We have an obsession that drug use can be eliminated or curtailed by
putting people in jail.  And if this doesn't do it, we extend the jail
terms with mandatory sentences.  New federal sentencing guidelines
provide that a person caught with crack cocaine, with no prior
convictions, can be given life in prison with no chance of parole.

Senator Charles Grassley 10 years ago in an essay in the Register
stated that a reinvigorated criminal system will attack the problem at
its point of attack against American society.  He said it would take
back the streets and provide a drug-free America tomorrow.  Well, this
is tomorrow. Even as moderate a person as Gov. Tom Vilsack wants to
give meth dealers life imprisonment. Grassley also stated that drug
users are enemies of society, echoing William Bennett, the first drug
czar, who made the statement as he was putting out a cigarette.

It isn't that we haven't been warned.  Ten years ago, Chief Justice
William Rehnquist warned that drug cases were crippling our courts. 
U.S. District Judge Lawrence Irving of San Diego announced his
resignation: "It's a game I can't continue to play."  He had sentenced
some 900 people for drug convictions, and he said, "Every time I put
somebody in jail, I get five more.  There is so much money in it that
there is always somebody to fill their shoes."

Judge Myron H. Bright of the 8th Circuit, which includes Iowa, said,
"This is the time to call a halt to unnecessary and expensive costs of
putting people in prison for a long time based upon the mistaken
notion that such an effort will win the war on drugs."

According to the U.S. Customs Service, the war on drugs has not made a
dent in the total drug supply.  Nor has filling our jails and
penitentiaries cut down on the number of drug dealers.  There is
simply too much money involved.

Most important, all of the drug war - with its billions of dollars
spent, with its mandatory jail sentences, with its additional prisons
- - hasn't reduced the demand one whit.  I don't for a moment advocate
or sympathize with the use of drugs.  We haven't had a drug-free
society since the first human being dropped out of the trees and
nibbled on a betel nut.
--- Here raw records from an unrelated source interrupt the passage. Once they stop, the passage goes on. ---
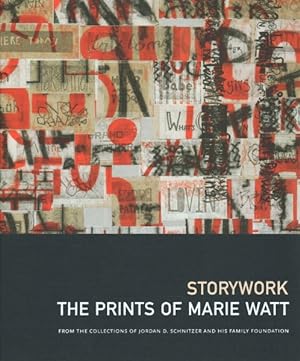 Seller image for Storywork : The Prints of Marie Watt: from the Collections of Jordan D. Schnitzer and His Family Foundation for sale by GreatBookPricesUK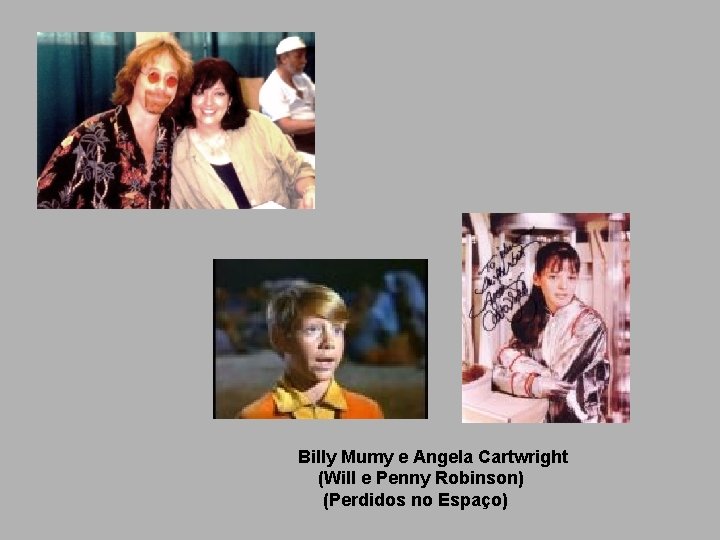 Billy Mumy e Angela Cartwright (Will e Penny Robinson) (Perdidos no Espaço) 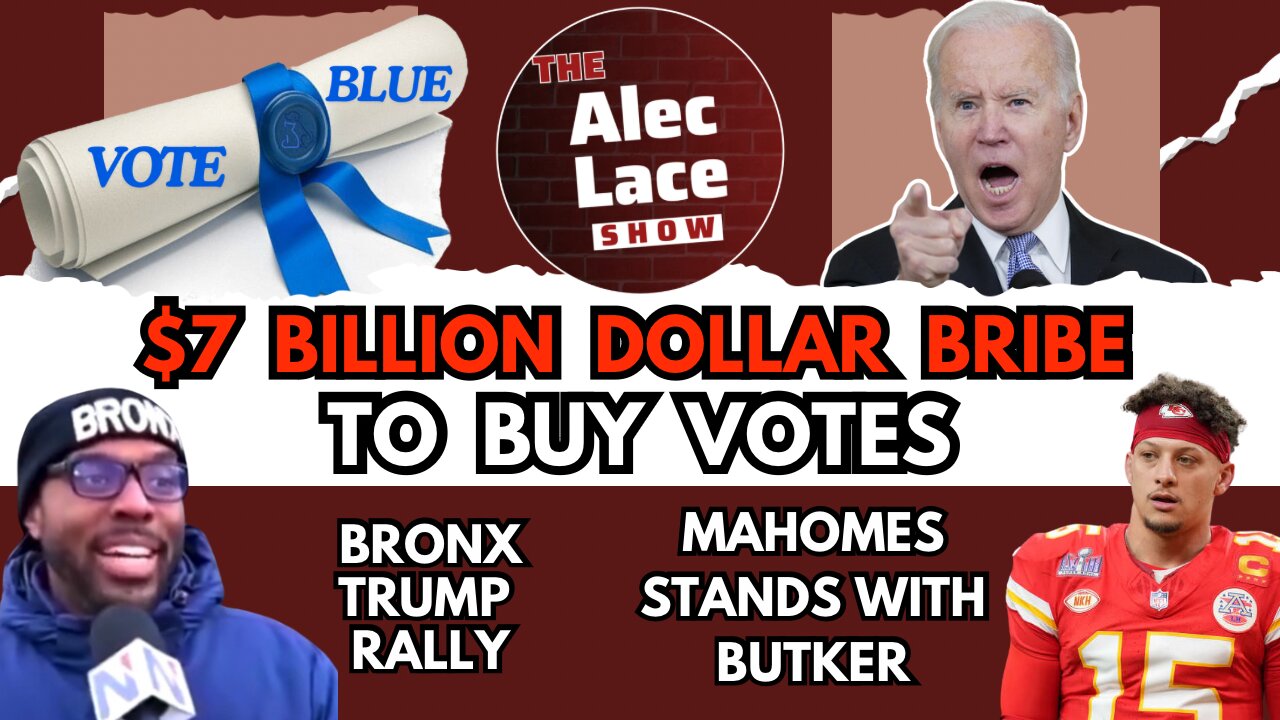 $7 Billion Dollar Bribe | Unified Reich Hoax | Bronx Embraces Trump | Butker | The Alec Lace Show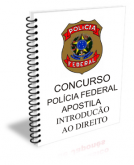 POLÍCIA FEDERAL APOSTILA DE INTRODUÇÃO AO DIREITO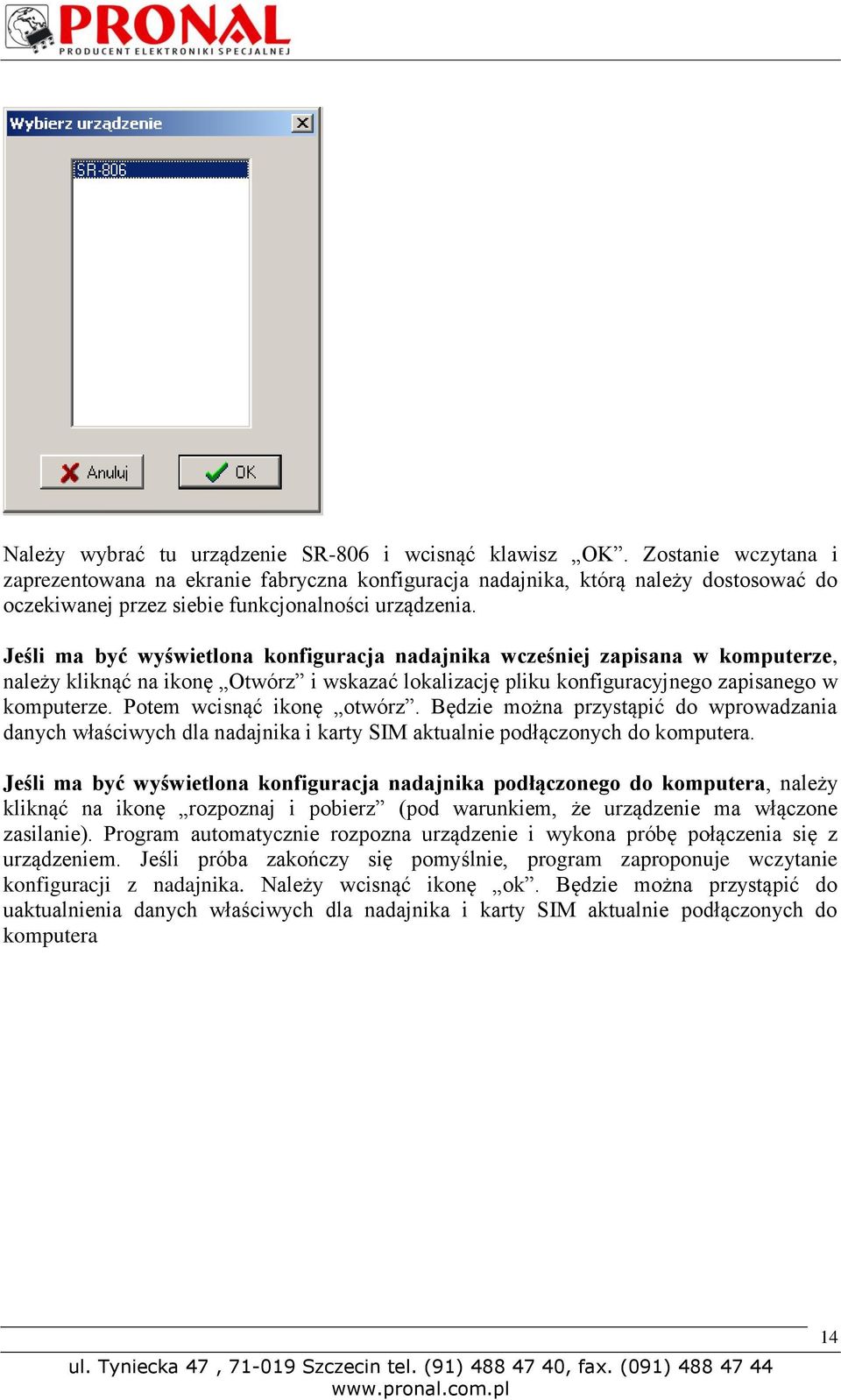 Jeśli ma być wyświetlona konfiguracja nadajnika wcześniej zapisana w komputerze, należy kliknąć na ikonę Otwórz i wskazać lokalizację pliku konfiguracyjnego zapisanego w komputerze.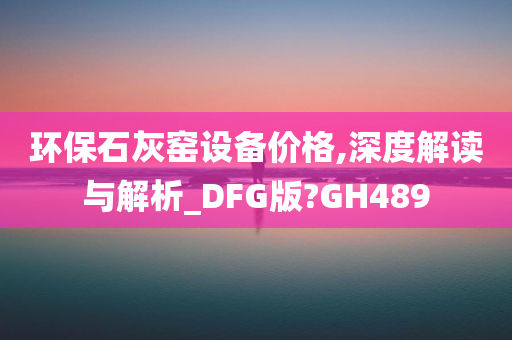 环保石灰窑设备价格,深度解读与解析_DFG版?GH489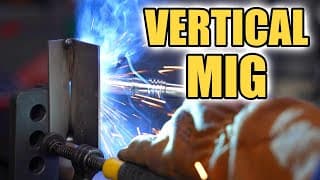 Vertical Mig Welding In 5 Minutes: Uphill & Downhill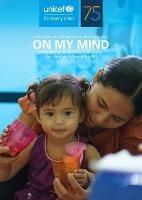 The state of the world's children 2021: on my mind, promoting, protecting and caring for children's mental health - UNICEF - cover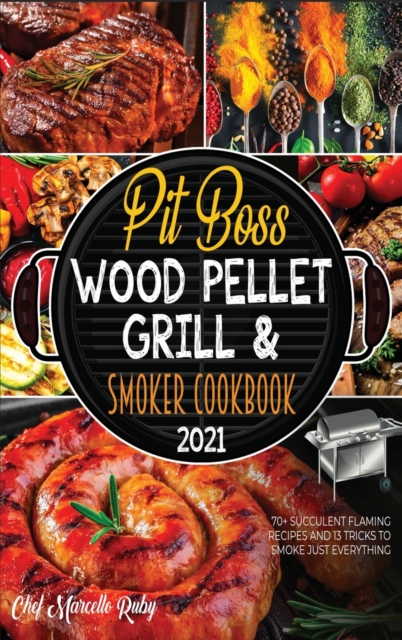 Pit Boss Wood Pellet Grill & Smoker Cookbook 2021 : 70+ Succulent Flaming Recipes and 13 Tricks to Smoke Just Everything, Hardback Book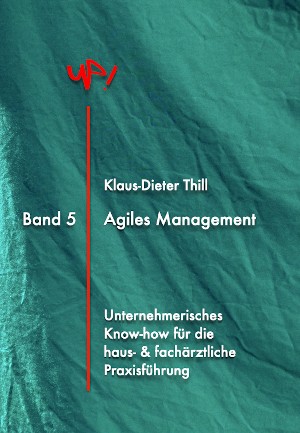 Klaus-Dieter Thill: Agiles Praxismanagement für Haus- und Fachärzte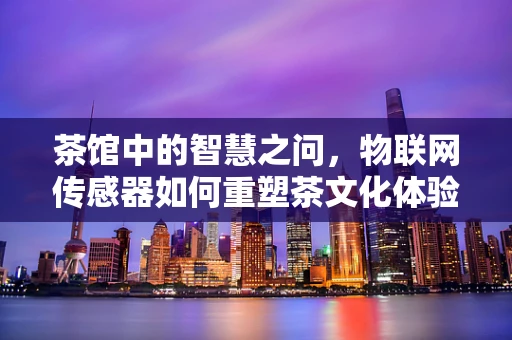 茶馆中的智慧之问，物联网传感器如何重塑茶文化体验？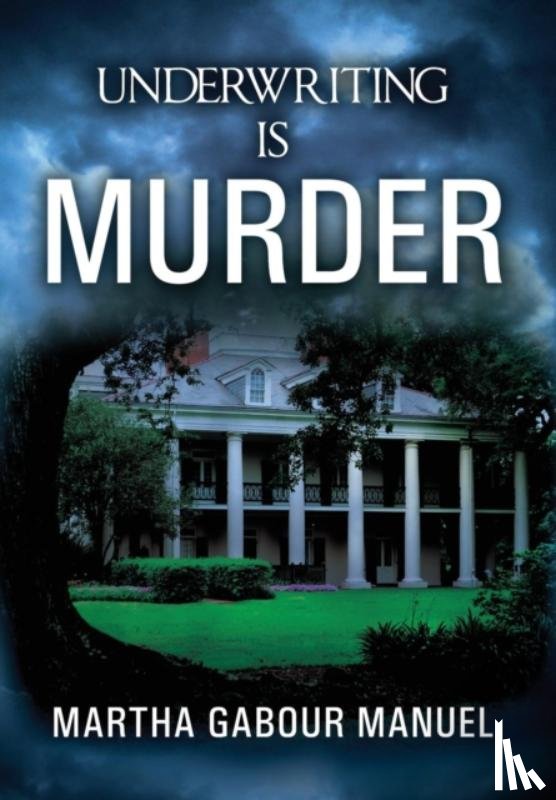 Manuel, Martha Gabour - Underwriting is Murder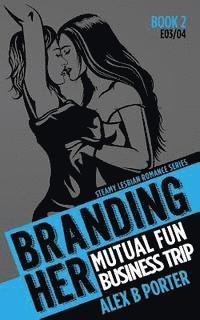 bokomslag Branding Her 2: Mutual Fun & Business Trip [E03 & E04]: Steamy Lesbian Romance Series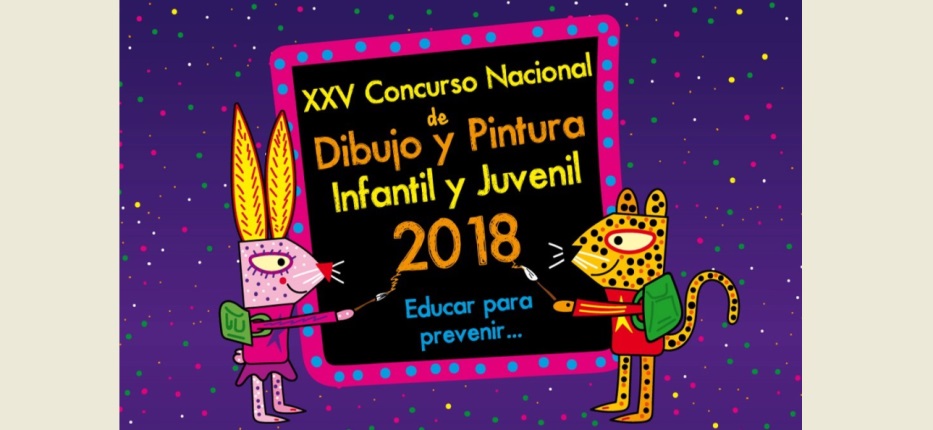 Invita Gobierno del Estado a participar en el XXV Concurso Nacional de Dibujo y Pintura Infantil y juvenil 2018 “Educar para Prevenir”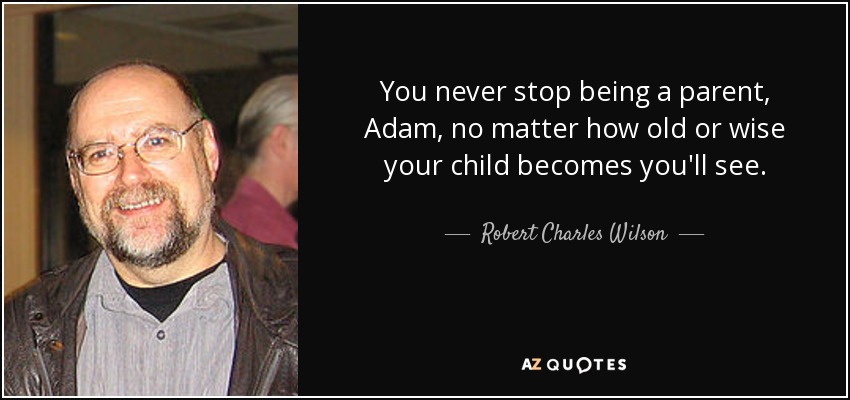 You never stop being a parent, Adam, no matter how old or wise your child becomes you'll see. - Robert Charles Wilson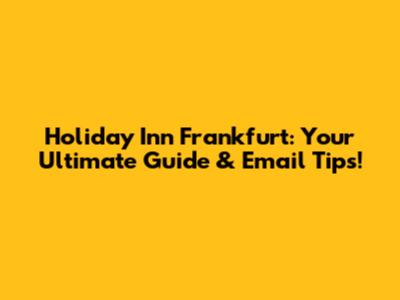 Holiday Inn Frankfurt: Your Ultimate Guide & Email Tips!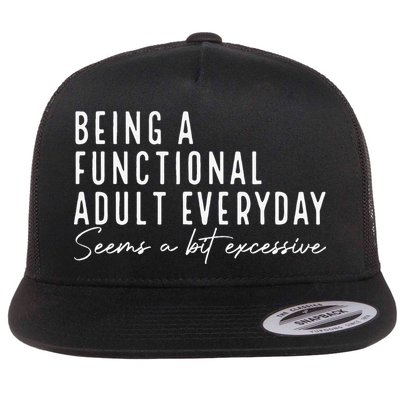 Being A Functional Adult Everyday Seems A Bit Excessive Fun Flatbill Hat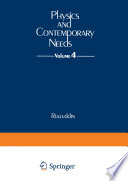 Physics and Contemporary Needs : Volume 4 /
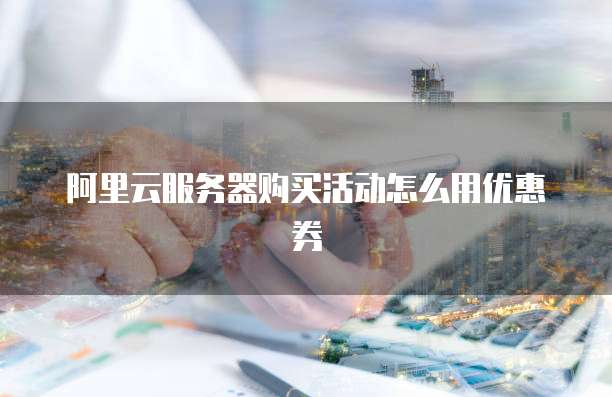 阿里云服务器购买活动怎么用优惠券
Why this is true, I don't know.  Certainly it
must be addressed and up a point it can be, but not by the clumsy
method of carting everyone off to jail.  As we are beginning to find,
we don't have enough jails.

Of the billions of dollars we've spent on the drug war, 70 percent
goes for police arrests, prosecutions and imprisonment.  Only 30
percent is spent on education and treatment.  Not too long ago, an
attempt was made in Congress to reverse this percentage and spend 70
percent for education and treatment.   It was defeated.  Ask your
representatives in Washington how they voted on this one.

The London Economist raised the question, "How long will the American
people permit this bloody and useless war to continue?"  The answer, I
think, is just as long as the people fall for the propaganda that
decriminalizing drugs will make zombies of us a and just as long as
they fall for the political propaganda that drug usage can be
controlled or eliminated by force.

Refreshingly, the scene is changing a little.   Federal drug czar
Barry McCaffrey has made at least a 90-degree turn from the Bennett
line by publicly stating that the drug answer is not to see how many
people we can lock up.

And the splendid Jan. 10 essay by U.S. District Judge Robert Pratt on
senseless sentencing is particularly rewarding.  Perhaps, as Freud
observed, "The voice of the intellect is soft, but
persistent."

DAVID M. ELDERKIN, Cedar Rapids attorney.